- _Work required_
Repeat the listing that follows, character for character, minus the pictures.

- _Data_
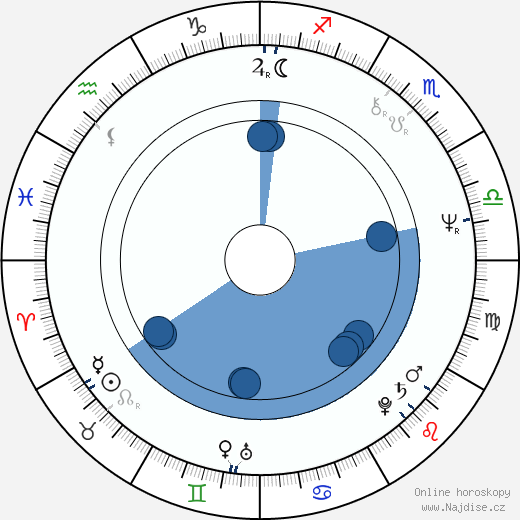 Frank Abagnale wikipedie, horoscope, astrology, instagram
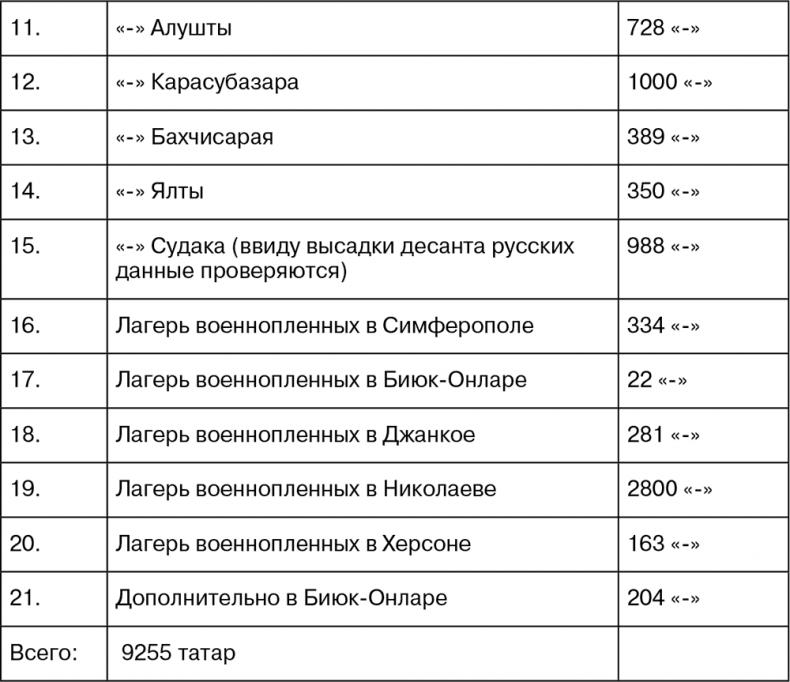 Крым под оккупацией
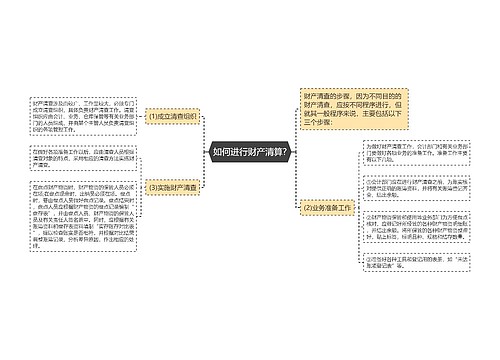 如何进行财产清算?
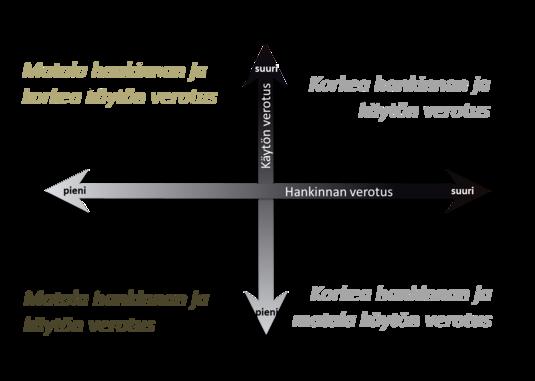 toiseksi korkein. Korkein verotaso on Tanskassa.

- _Solution for this task_
 Frank Abagnale wikipedie, horoscope, astrology, instagram
 Крым под оккупацией
 如何进行财产清算?
 toiseksi korkein. Korkein verotaso on Tanskassa.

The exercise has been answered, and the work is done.